Des serveurs circulaient avec des boissons. Ils semblaient déterminés à les distribuer, qu’on veuille boire ou non. Apparemment, le principe consistait à augmenter le niveau de bruit et d’ébriété tout au long de la nuit : personne ne devait se réveiller le lendemain en pensant ne pas s’être amusé la nuit précédente ; il avait le mal de crâne pour le prouver !
Le défilé a mis longtemps à nous atteindre. Et ensuite… oh là là !
Chaque costume était plus fantasque que le précédent. Et celui-là était à chaque fois plus osé que son prédécesseur.
L’un après l’autre, ils venaient… en groupes de 50… de 100… de 10 000…
La musique était si forte que nos tympans ont failli céder. Les batteurs maintenaient un rythme implacable… ne manquant pas un temps… n’accordant pas un moment de calme ou de tranquillité.
Et ça a continué… heure après heure… de neuf heures du soir à six heures du matin. A ce moment-là, votre correspondant était usé. Il en avait eu assez. Son travail consiste à regarder, observer et vous faire son rapport. Mais il ne peut absorber qu’une quantité finie de fesses en une seule nuit.
▪ Passons donc à ce qui se passe dans le monde de la finance…

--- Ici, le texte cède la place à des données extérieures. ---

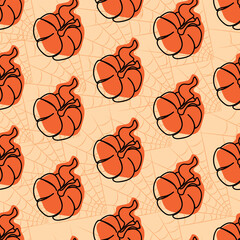 Orange Seamless pumpkin pattern. halloween pattern with spider web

Les actions ont un peu grimpé. L’or stagne. Nos lecteurs sont tout aussi perplexes que nous face à la manière dont le système monétaire fonctionne et ce que ça signifie. Cependant, un lecteur a réussi à formuler les choses avec précision :
"Voyons voir si je comprends bien : d’abord, les autorités ont éliminé toute contrainte, en devise réelle, sur leurs dépenses en annulant la convertibilité du dollar en or. EN PLUS, désormais, elles ont éliminé toutes les restrictions du marché sur le fait de dépenser (et de vendre de la dette) par le biais d’un processus insidieux visant à se revendre leurs dettes à elles-mêmes. Elles ont changé le paradigme sans en parler à personne. J’imagine que le message est : si vous ne pouvez pas piger par vous-même, tant pis pour vous ?"
Il n’y a plus de limite évidente, effective, sur la quantité "d’argent" que la banque centrale peut créer ou "prêter" au gouvernement |
Oui, c’est tout à fait ça. Il n’y a plus de limite évidente, effective, sur la quantité "d’argent" que la banque centrale peut créer ou "prêter" au gouvernement.

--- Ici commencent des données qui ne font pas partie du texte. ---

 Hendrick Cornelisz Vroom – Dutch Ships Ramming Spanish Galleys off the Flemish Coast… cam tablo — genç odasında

Nous mettons ces mots importants entre guillemets simplement pour indiquer qu’il faudrait des volumes entiers pour comprendre ce qu’ils signifient en réalité.
C’est là, bien entendu, qu’est le problème. Le système est si nouveau et si nuancé que personne ne sait vraiment ce qui se passe — et probablement encore moins tous ceux qui affirment en avoir le contrôle.

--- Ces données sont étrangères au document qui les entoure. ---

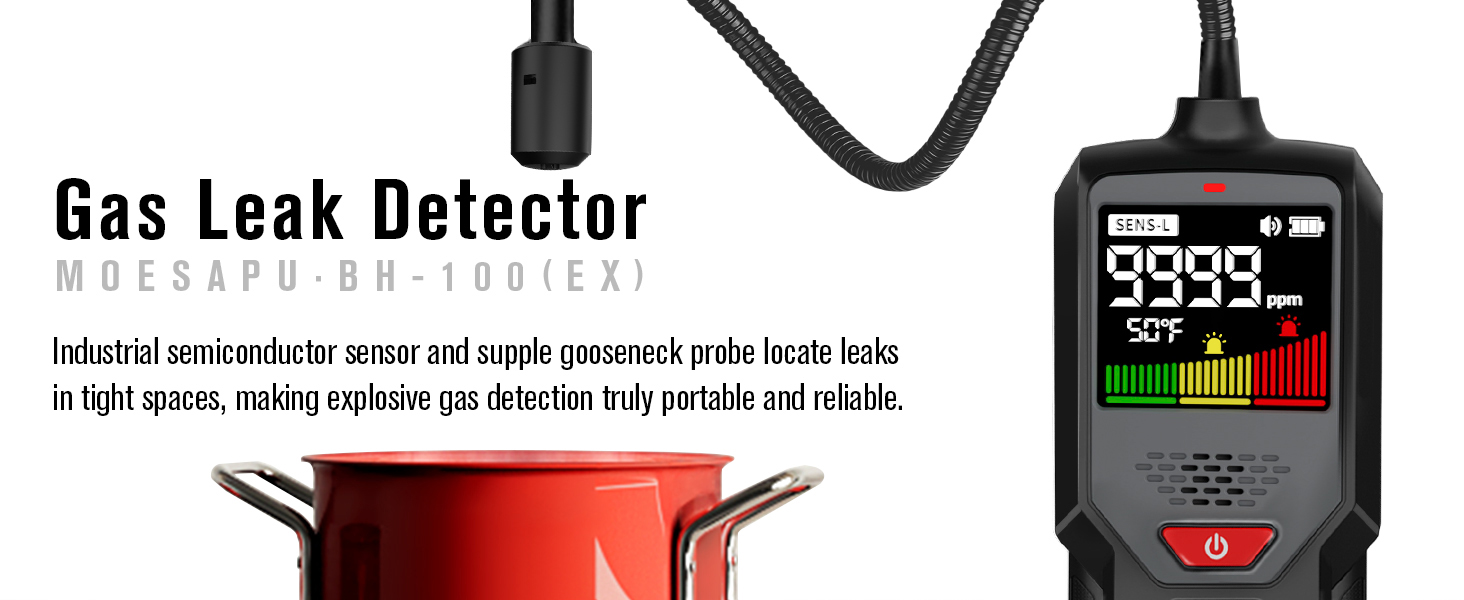 natural gas leak detector probe propane methane meter monitor reader alarm home safety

Oui, nous vivons une drôle d’époque… et parmi les choses les plus drôles à son sujet, en cet an de grâce 2015, c’est que plus vous êtes intelligent, plus il est difficile de comprendre le système monétaire. Martin Wolf, Paul Krugman, Joseph Stiglitz, Larry Summers — des hommes "brillants", nous dit-on, tous autant qu’ils sont — n’en ont pas la moindre idée. Ils sont victimes de leur propre intellect, confiants dans le fait qu’ils peuvent tout comprendre à mesure qu’ils avancent… et ajuster la politique monétaire aux besoins du moment.
Est-ce ainsi que ça fonctionne, cher lecteur ? Peut-on improviser à mesure qu’on avance, réagissant d’abord à un événement puis à un autre ?
Nous ne pensons pas que ce soit le cas. En réalité, une illusion mène à une autre. On est comme Napoléon en route pour Moscou, Gideon Gono en route pour l’hyperinflation ou un mari volage en route pour une sieste crapuleuse. Une seule décision semble pardonnable, selon les circonstances. Ensuite, les circonstances vous piègent. On préférerait que ce soit différent. On aimerait reculer. On aimerait prendre un autre chemin. Mais il est trop tard. "Selon les circonstances", on fait ce qu’on doit faire. Ensuite, en fin de compte, on se retrouve en enfer.